Con todo, eran libres, todo lo libres que se puede ser en Corea del Norte. A golpe de sobornos, mi tío había conseguido reunir al resto de la familia por parte de mi padre en Musan. Un día se enteró de que nos habían liberado. Logró que toda la familia montara en el tren e hiciera un largo y difícil viaje para venir a vernos. El reencuentro fue muy emocionante. Al principio, nuestros tíos no nos reconocieron ni a mi hermana ni a mí, pero tras unos momentos de silencio nos abrazamos todos. No habían tenido la menor noticia de nosotros durante todo este tiempo y se habían temido lo peor. Recuerdo las efusiones de afecto, las risas y las lágrimas mezcladas que duraron toda la noche.

Llevábamos la ropa que nos habían dado al salir del campo, del mismo tipo que todos los demás. Era bastante más presentable que los uniformes del campo, pero esta ropa sin elegancia, toda ella cortada por el mismo patrón, nos daba la apariencia de antiguos detenidos. Gracias a los parientes, que nos trajeron ropa japonesa, pasamos de golpe de ser unos mendigos a ser gente rica. Mi tío y mis dos tías se quedaron cerca de una semana e hicieron todo lo que pudieron para subirnos la moral. Nos hacía mucha falta.

Los campesinos del lugar no nos manifestaban mucha simpatía. Para ellos, los antiguos detenidos contrarrevolucionarios no podían ser más que sospechosos y malos.
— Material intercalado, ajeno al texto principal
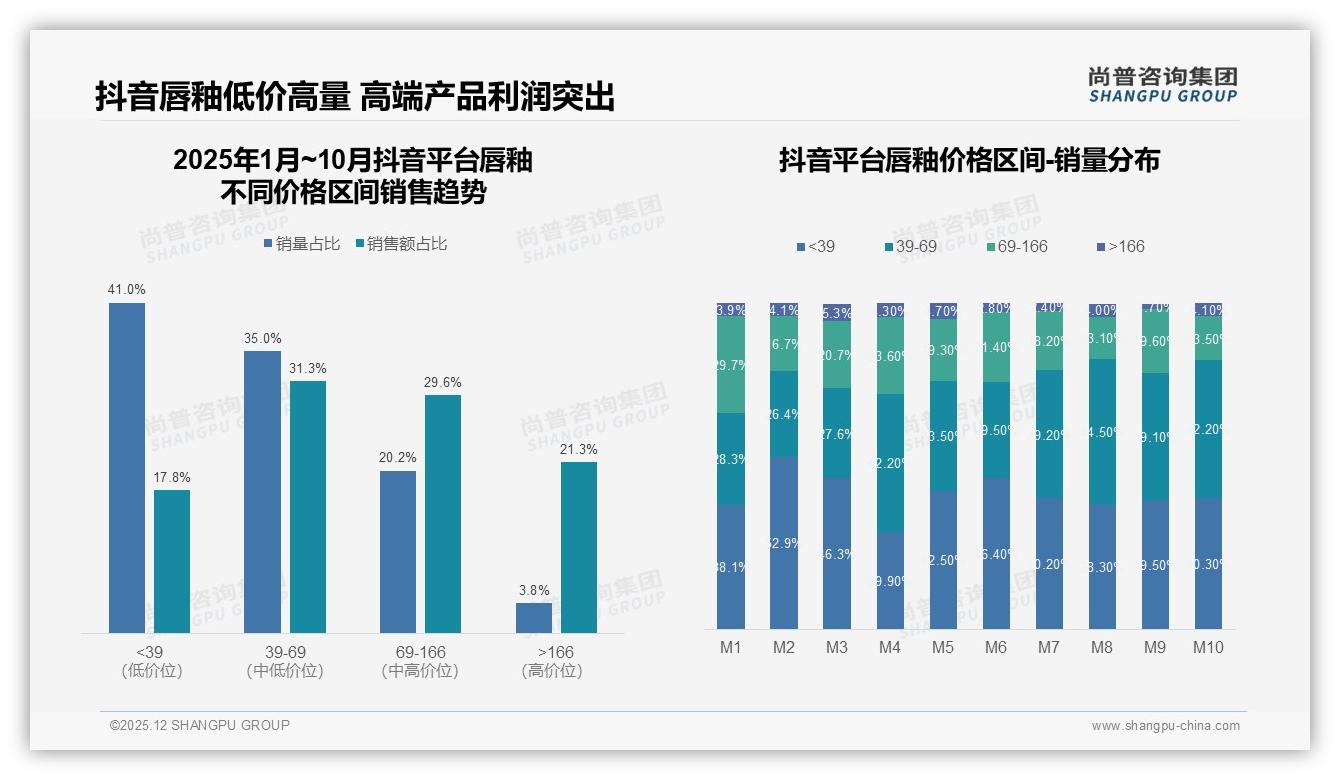每半年购买1到2次占比37%_唇釉小样15%需求激活低频市场——尚普咨询集团趋势雷达：主标题-2025年12月-唇釉-38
Conocían la existencia de Yodok. Todos los norcoreanos saben que existe una red de campos de concentración en el país. Lo que no saben es cuántos campos son, cuántos presos hay y qué sucede en ellos. Por suerte, los norcoreanos tienen siempre algo de inocente y de honesto: con el paso del tiempo los campesinos constataron que no éramos tan malvados. Se fueron acercando a nosotros y pudimos revelarles algo de nuestra historia, siendo siempre relativamente imprecisos, por el bien de todos.

La jornada en la granja colectiva empezaba con una asamblea general en la que se nos proporcionaba nuestra ración diaria de maná político. El secretario del Partido pronunciaba un discurso que podía durar media hora cuando se había producido un acontecimiento particular, pero, por lo general, se contentaba con repetir un discurso reciente de Kim Il Sung o con leer un editorial del Rodong Shinmun. Después, un cuadro del Partido pasaba lista y nos dirigíamos a la oficina de intendencia donde se repartía la tarea. En invierno había menos trabajo en los campos y muchos agricultores se dedicaban a tareas de mantenimiento. Pobres campesinos norcoreanos. No conocen el sentido de la palabra vacaciones. Trabajan duro y no siempre les pagan el salario con dinero: recibían vales de racionamiento que intercambiaban según sus necesidades. Esta práctica se aplicó casi en todas partes hasta 1990, pero a partir de esa fecha los vales dejaron de servir en algunas regiones.

Gracias a mi tío y a los regalos que distribuyó entre muchos funcionarios, tuvimos la suerte de instalarnos en una pequeña ciudad situada cerca del centro industrial del municipio. Nos quedamos desde 1987 hasta 1990, escapando así de las labores agrícolas, mucho más duras que el trabajo en talleres o fábricas. El hecho de abandonar la granja nos libró de quedar clasificados como campesinos y de estar condenados de por vida a esa condición. En Corea del Norte los hijos de campesinos siguen siendo campesinos. No pueden ascender en la escala social. A menos que entren en el ejército o se pongan a repartir sobornos, lo que supone tener relaciones fuera del país. Antes, los campesinos podían escapar de su destino si se casaban con alguien de la ciudad, pero la ley cambió en 1988. A partir de ese año el habitante de la ciudad que se case con una persona del campo desciende en la escala social y tiene que abandonar la ciudad.